» **Task prompt**:
For every record beneath this instruction, give an exact repetition, omitting images.
*** Data for processing ***
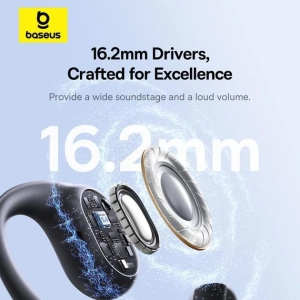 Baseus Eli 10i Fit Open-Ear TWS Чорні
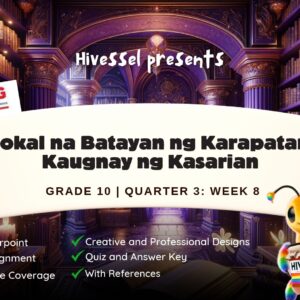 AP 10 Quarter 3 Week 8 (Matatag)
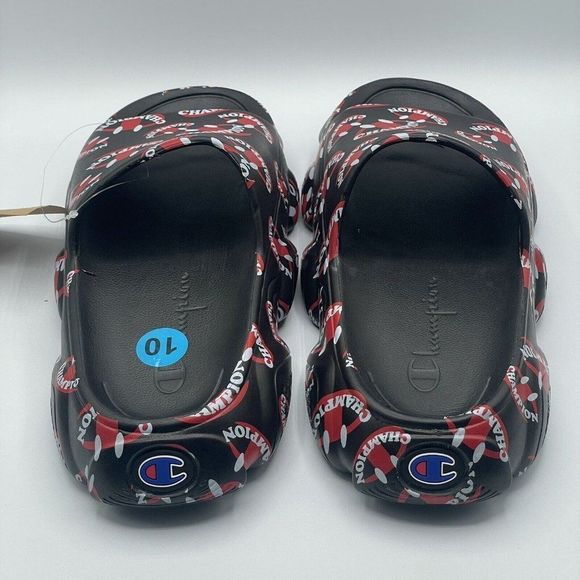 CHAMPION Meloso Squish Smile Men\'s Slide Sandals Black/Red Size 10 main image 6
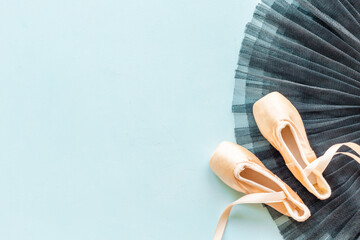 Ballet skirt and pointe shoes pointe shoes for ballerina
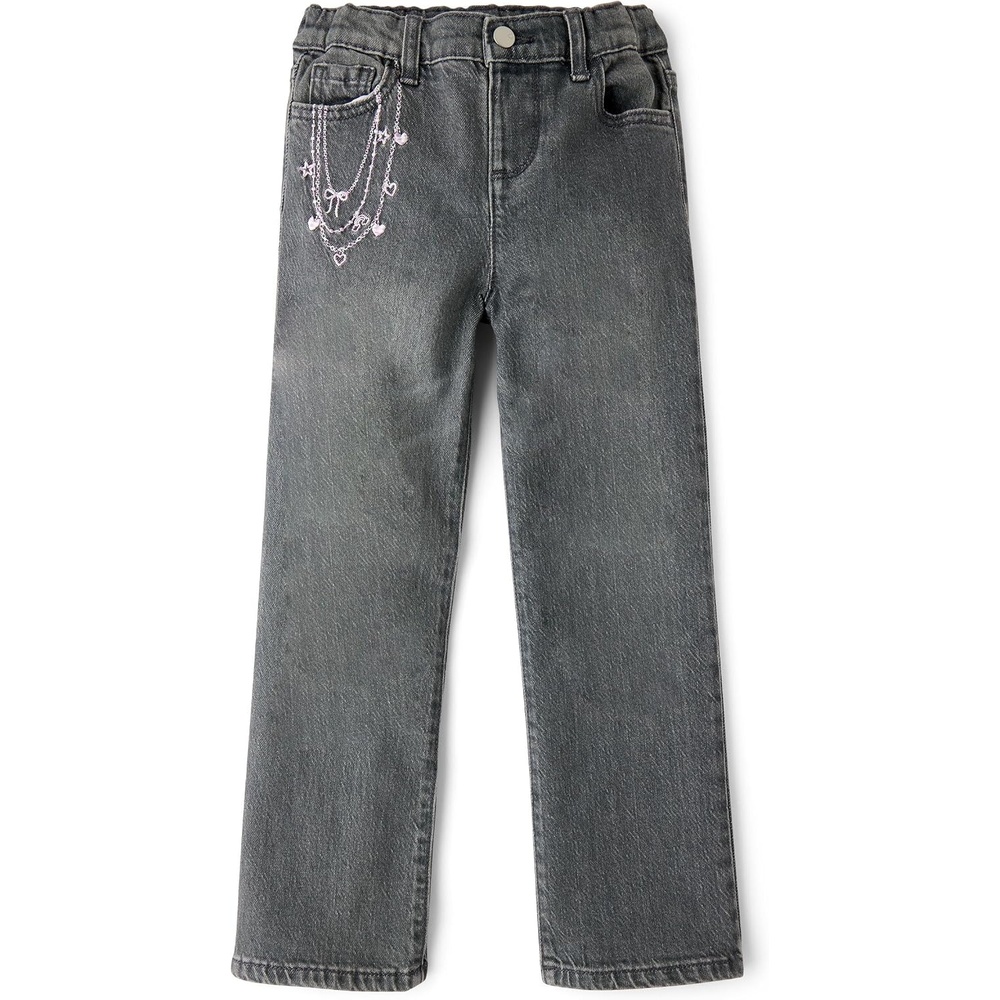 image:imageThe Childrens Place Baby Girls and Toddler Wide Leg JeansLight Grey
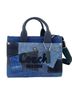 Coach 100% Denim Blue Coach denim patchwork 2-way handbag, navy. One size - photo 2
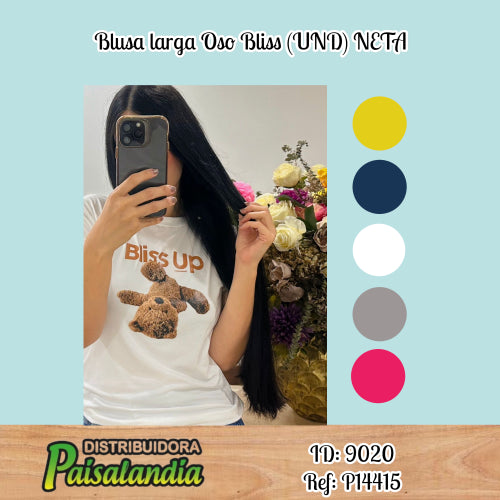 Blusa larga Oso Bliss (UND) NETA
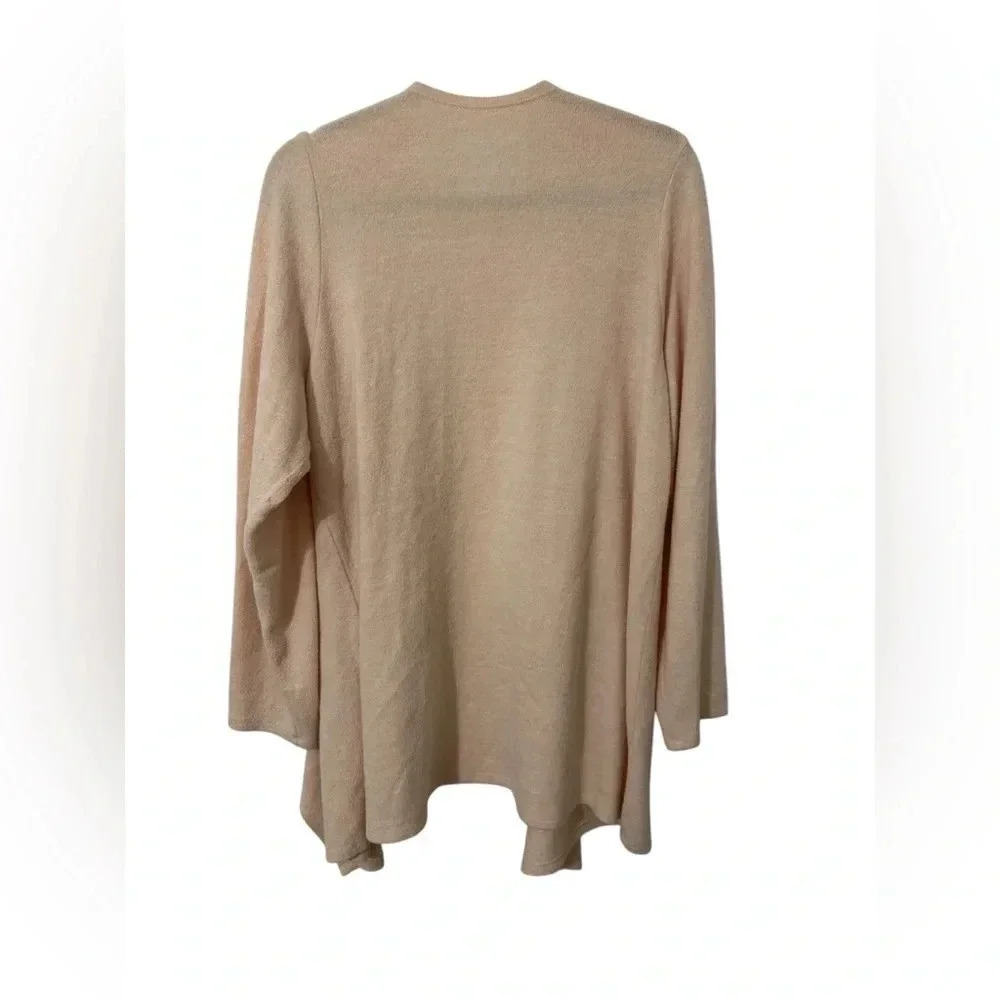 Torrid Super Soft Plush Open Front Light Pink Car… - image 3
*** End of Data for processing ***
» **Response area**:
 Baseus Eli 10i Fit Open-Ear TWS Чорні
 AP 10 Quarter 3 Week 8 (Matatag)
 CHAMPION Meloso Squish Smile Men\'s Slide Sandals Black/Red Size 10 main image 6
 Ballet skirt and pointe shoes pointe shoes for ballerina
 image:imageThe Childrens Place Baby Girls and Toddler Wide Leg JeansLight Grey
 Coach 100% Denim Blue Coach denim patchwork 2-way handbag, navy. One size - photo 2
 Blusa larga Oso Bliss (UND) NETA
 Torrid Super Soft Plush Open Front Light Pink Car… - image 3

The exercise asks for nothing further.